Dallas Case Appointed Special Advocates (CASA
) is a nonprofit organization comprised of volunteers who advocate for the best interests of abused and neglected children in the community and in the court system, as well as help children find safe, permanent homes. The group’s largest fundraiser each year is the Parade of Playhouses, in which custom-built playhouses are displayed in Dallas’ NorthPark Shopping Center. During the two-week event, visitors can purchase raffle tickets for a chance to win one of the extraordinary playhouses.
This was the first year AUI Contractors participated.
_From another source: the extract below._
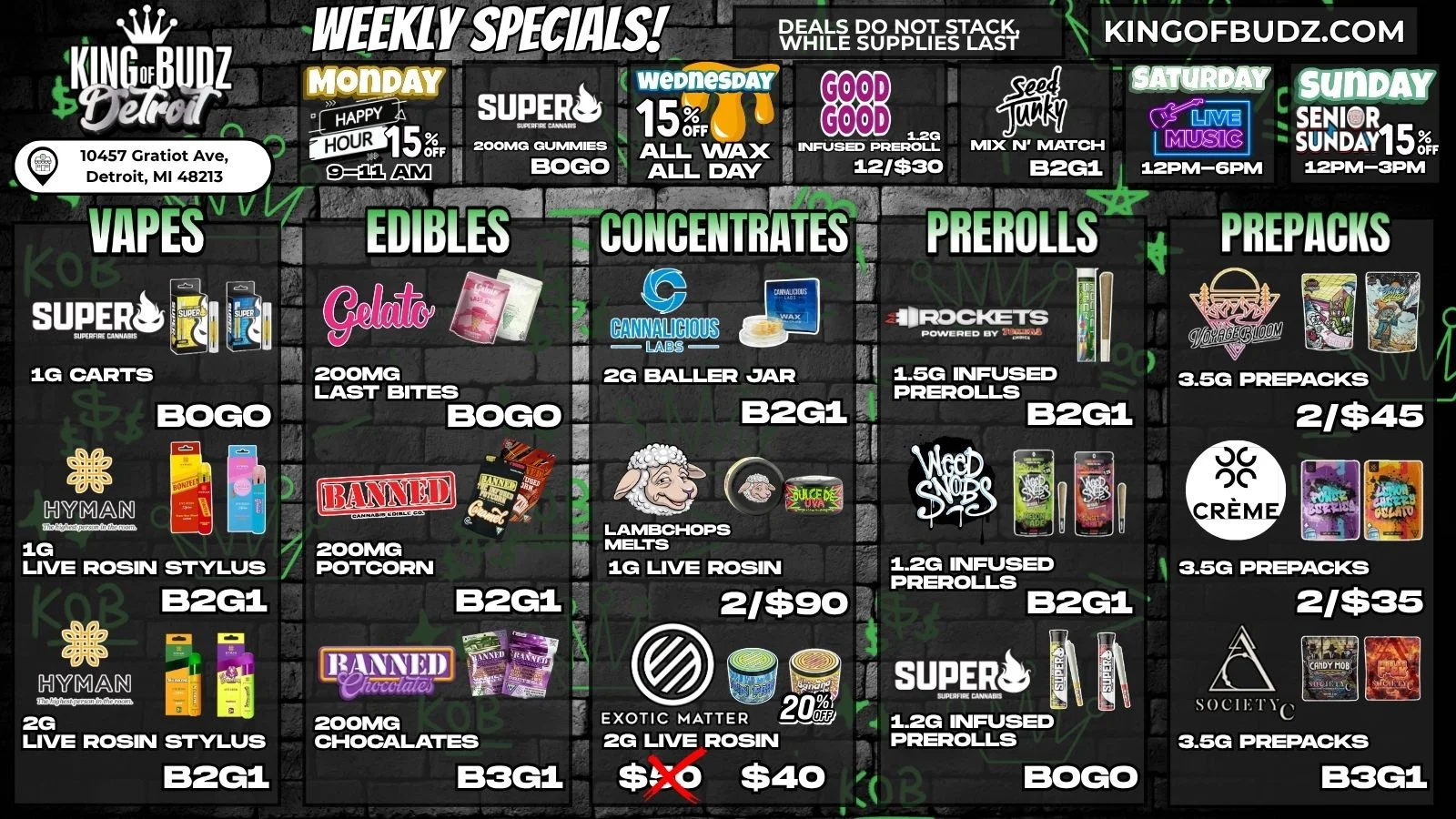 Weekly Deals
Tim Guedry, director of commercial construction for the company, had been involved with the event at his previous job and brought his enthusiasm for Dallas CASA to AUI.
"Not only is this a fun and worthwhile cause, it’s good exposure for the company,” Guedry says. “It’s a lot of fun for us to work on something different and apply our specific skills as construction contractors for children within our community.”
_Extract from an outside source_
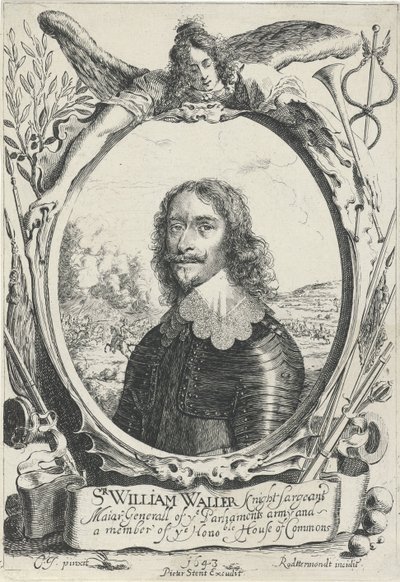 Portrait de Sir William Waller - Pieter Rottermondt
Guedry also works with the American Institute of Architects (AIA
), serving on a panel that reviews designs for playhouses submitted by the Young Architects coming up through AIA’s training program. More than 60 designs were submitted, with four finalists chosen for AUI to build for the Parade of Playhouses.
“Bringing in the Young Architects of AIA and major companies like AUI Contractors has really raised the profile of this event,” says Carolyn Newham, director of development and finance for Dallas CASA. “The expertise and ability of these professionals has added a whole new layer of authenticity and art to the program.”
The four winning playhouse designs were the Easel House, Tangram House, Zoo Playhouse and the Hillside Bed and Breakfast. Ten AUI employees were involved in the construction, with vendors and suppliers donating the necessary materials. The houses took about six weeks to complete.
The 15th annual event last year featured CASA’s largest parade to date. Twenty playhouses were featured and $150,000 was raised to help Dallas CASA train and supervise volunteers. The Parade of Playhouses also serves as an important recruiting opportunity for the organization by bringing awareness of its work with vulnerable children to the community.
“We’ve had such a great reaction from the community. People look forward to bringing their kids every year. They’ve built it into their lives,” Newham says. “We’ve had people come forward asking how they can be involved, whether by advocating for children or donating time and resources for the Parade of Playhouses fundraiser. So many members of the community are concerned with child welfare; they just didn’t know how to help until they attended this event.”
AUI’s experience was equally rewarding, according to Guedry, and the company plans to participate again next year.